Holidaze
With a heart as cold and black as mine, it should come as a major shock to anyone who does not know me that I love the holidays. I LOVE the holidays. So much that when they’re all over and it’s summer I’m genuinely sad, because there are no decent summer holidays, well, unless you count my birthday, which, after the fiasco of this year, will never again be counted unless I am promised Vicodin (the one highlight of this years ER trip). Mmm, Vicodin.
(Do you hear that noise, Internet? That is the sound of my husband, somewhere, offering up a prayer that I never, ever have an extremely painful injury that requires loads of Vicodin. Because I would shortly become an addict. My father recently sustained a dumb injury–he walked off the edge of the sidewalk and tore a ligament–I guess strange injuries run in my family. Sorry preemptively Alex and Ben. My initial reaction was to wonder OUT LOUD to my mother if he might notice if he were missing one…or thirty.)
Well, um, anyway, yeah, the holidays.
I was recently at Target, oh joy of joys, and I fell in love with this Halloween decoration. I went home, slept on it, then convinced my husband (in all of his thoughtful generousity) to spend his birthday money on it for me. Er, US.
Back to Target we merrily trekked, where I was immediately informed that they had no more in stock, but that I could “call back in the morning and see if they’d gotten any more in.” Har-dee-har-har, RIGHT. Because on the next breath, the ever helpful employee informed me that even if they had one in stock, and I promised to run immediately over, they would not hold it for me. He seemed unfazed that I had a baby with me, as he was probably blissfully unaware that going ANYWHERE with a baby who is not in one of those awesome portable carseats is tricky, if not impossible, especially on a schedule. AND WITHOUT THE PROMISE OF MY SWEET, SWEET DECORATION.
Since we live in Suburbia, there are at least 3 Target’s in my immediate vicinity (can you say amazing?!?). So after I raked all of the leaves in the yard AND did the catboxes BY MYSELF, Dave was summarily informed that he, in fact, owed me a trip to another one. Inside we ran, through the gales of wind (it’s really, really windy today), I myself nearly knocking over an old lady and the Starbucks chick in the process, where we ended up in the Halloween area.
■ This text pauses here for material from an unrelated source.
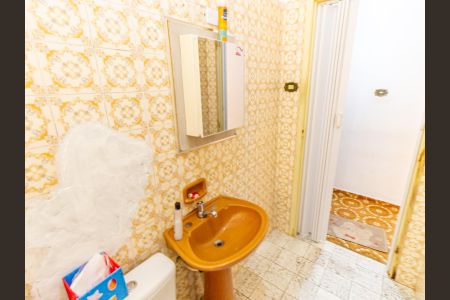 Casa à venda com 140m², 3 quartos e sem vaga Casa à venda com 140m², 3 quartos e sem vagaBanheiro 2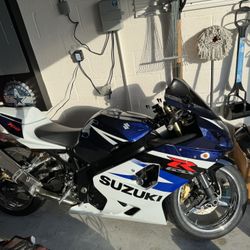 04 Suzuki 750 GSXR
And were promptly informed that they were ALSO out. But we could try a store 30 miles away, but no, they wouldn’t hold it for me. So, I could very well trek out there and not have my sweet, sweet decoration.
Fuck that, I said. Not being an overly competitive person, I have completely given up. I will be at Target again this weekend, and if they should have it in stock, I will be happy to pick it up.
Otherwise, I give up. The consolation stuff I got was cool, but I’m still a bit bitter. And suprised, really. When did my taste in decorations go so mainstream?
Besides, of course, the totally rad Coors Lite sign in my living room. That NEVER goes out of style.
When did Halloween become such a hugely decorated holiday? I also live in suburbia, usa and on my block there 4 houses with either blow up Halloween snowglobes (becuase Halloween SCREAMS snowglobe??) or blow up Haunted House thingys that kids can walk through. And another house trimmed in orange lights.
In my day we had Jack O’ Lantern and maybe a corn stalk by the mail box. How times have changed!
I need a picture of above described awesome decoration
Karen, I have NO idea what happened with the whole crazy decorate for every holiday stuff. It’s wild. For the record, I hate the snow globes with a passion. My neighborhood ALSO goes nuts for Halloween, because I live in kid haven, I suppose. We never decorated like this when I was a kid!
Kristin, it’s totally next to the gigantic Bud Lite sign. You know, the one with the naked chicks? I know, I know, I put the “class” in “classless.”
Know what I miss? Naked chick Lighters…The ones where when you press down, the bikini comes off. Or flashing booby lighters. Didn’t we both have these at some point in time?
We totally had them. They were super awesome! Just like the penis ice cubes, remember those?
Can you order it online from Target ?
I tried. They don’t have it as it’s seasonal.
Assholes.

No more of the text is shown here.